> **Dataset content**:
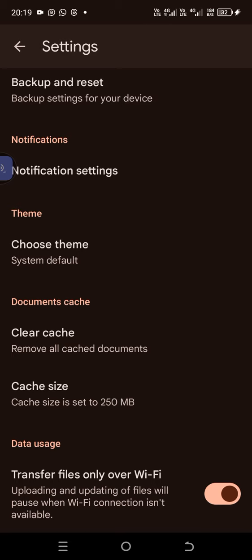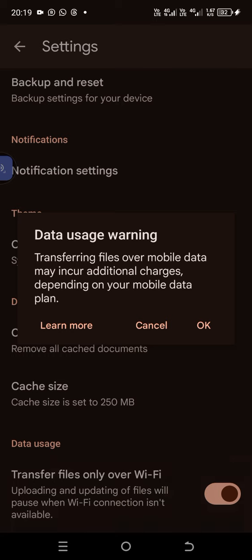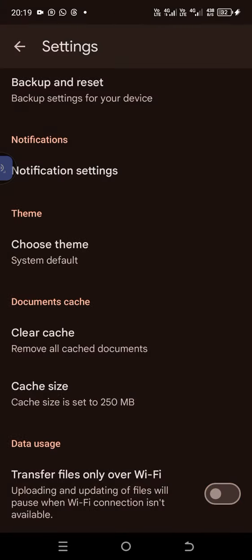That it will only upload over Wi-Fi. When you turn it off, transferring files over mobile data may incur additional charges depending on your mobile data plan. So check if this is on or off, then restart your phone and try to upload again.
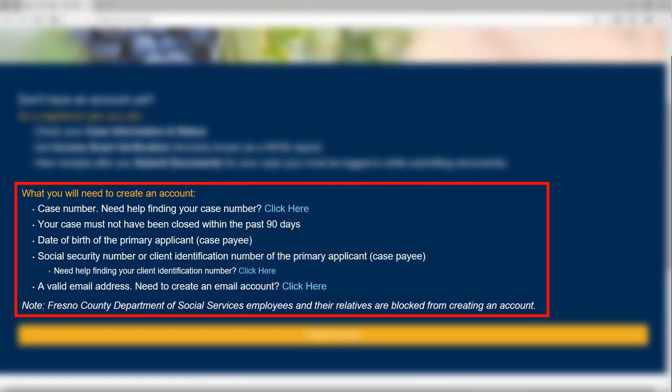In order to create an account, your case must not have been closed within the past 90 days. You will also need the date of birth of the primary applicant or case payee, in addition to the social security number or client identification number of the primary applicant or case payee, and a valid email address.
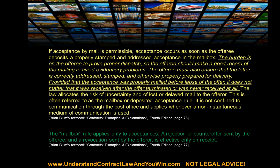This is called the mailbox rule. 'The mailbox rule applies only to acceptances.' The date you put it in the mail is the legal date. They will often charge a late fee anyway because you don't know the law and don't challenge it. Speaking with a supervisor and explaining the mailbox rule can get the late fee dropped if you know more about the law than they do. A rejection or counteroffer sent by the offeree, or a revocation sent by the offeror, is effective only on receipt — the date it was delivered.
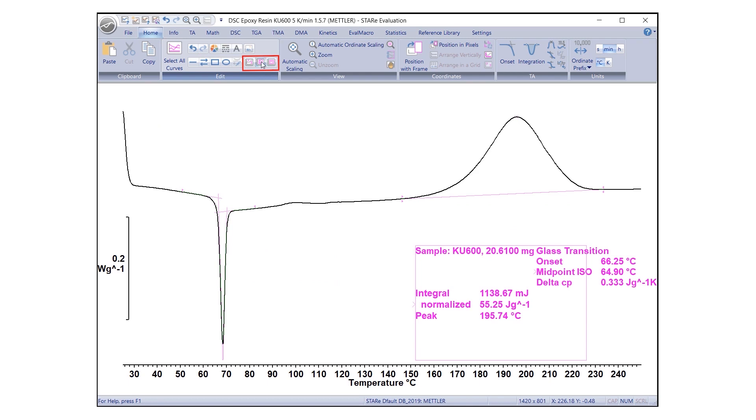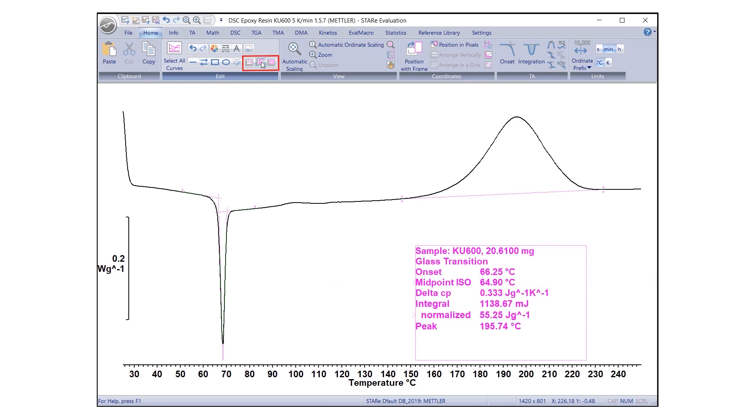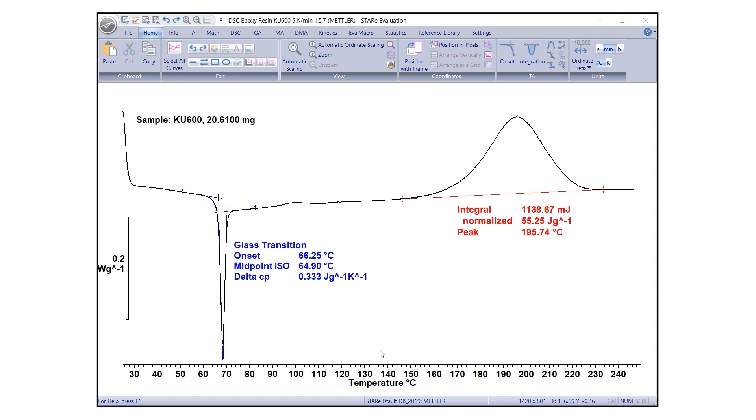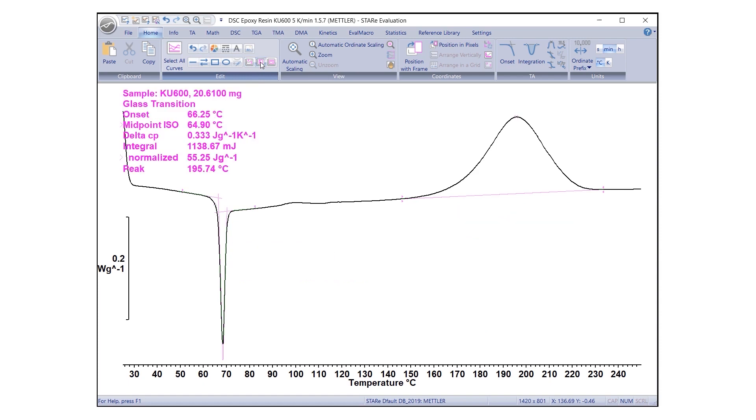To align all texts in the same way, click Select All Texts before clicking on either one of the alignment options. All texts in the evaluation are now aligned correctly. If the position for text is not specified by a frame, then the text will be aligned at the top or left of the evaluation.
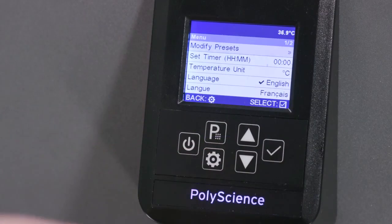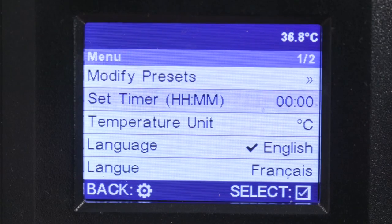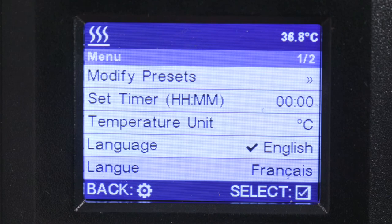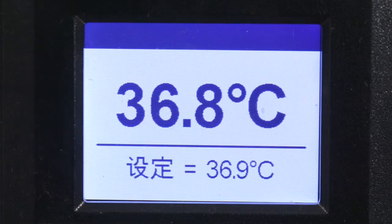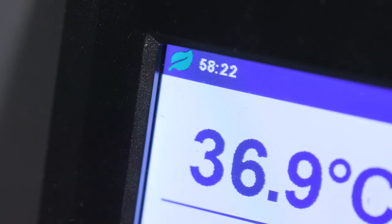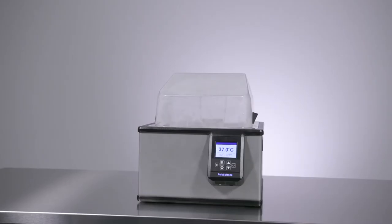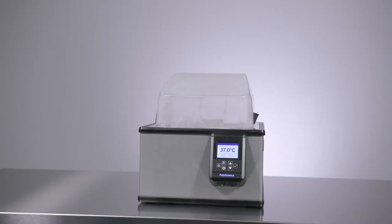These new intelligent water baths are the perfect blend of control, convenience, safety, and of course budget.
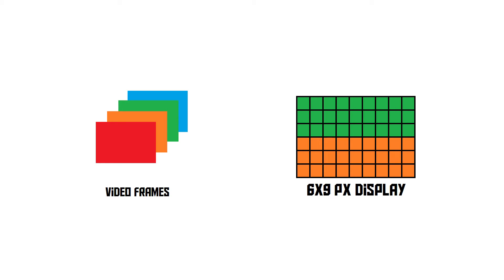If you have a 50 frames per second progressive video, that means every second, 50 frames are scanned onto the screen just like this.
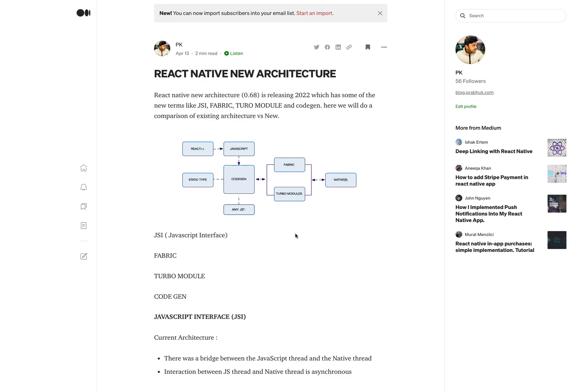In this video we are going to see what the React Native new architecture is about. The new architecture was introduced from version 0.68 and it has some new terminologies like JSI, Fabric, Turbo Module, and CodeGen. Before getting into those terminologies, let's have a look at this particular diagram which will give you an overview of what the new architecture is all about.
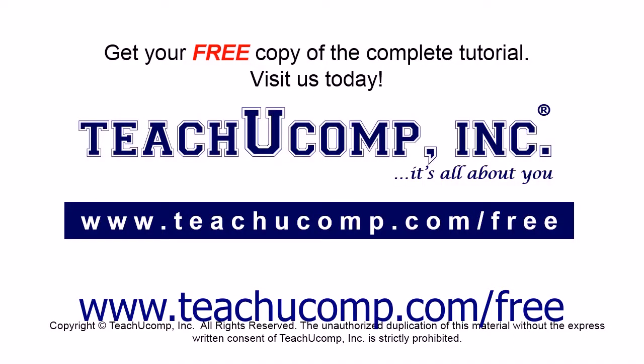Get your free copy of the complete tutorial at www.teachucomp.com forward slash free.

> **Problem statement**:
Please write out only the material above, exactly, from its first line through the line that contains "This is called", and include no pictures.

> **Response box**:
That it will only upload over Wi-Fi. When you turn it off, transferring files over mobile data may incur additional charges depending on your mobile data plan. So check if this is on or off, then restart your phone and try to upload again.
In order to create an account, your case must not have been closed within the past 90 days. You will also need the date of birth of the primary applicant or case payee, in addition to the social security number or client identification number of the primary applicant or case payee, and a valid email address.
This is called the mailbox rule. 'The mailbox rule applies only to acceptances.' The date you put it in the mail is the legal date. They will often charge a late fee anyway because you don't know the law and don't challenge it. Speaking with a supervisor and explaining the mailbox rule can get the late fee dropped if you know more about the law than they do. A rejection or counteroffer sent by the offeree, or a revocation sent by the offeror, is effective only on receipt — the date it was delivered.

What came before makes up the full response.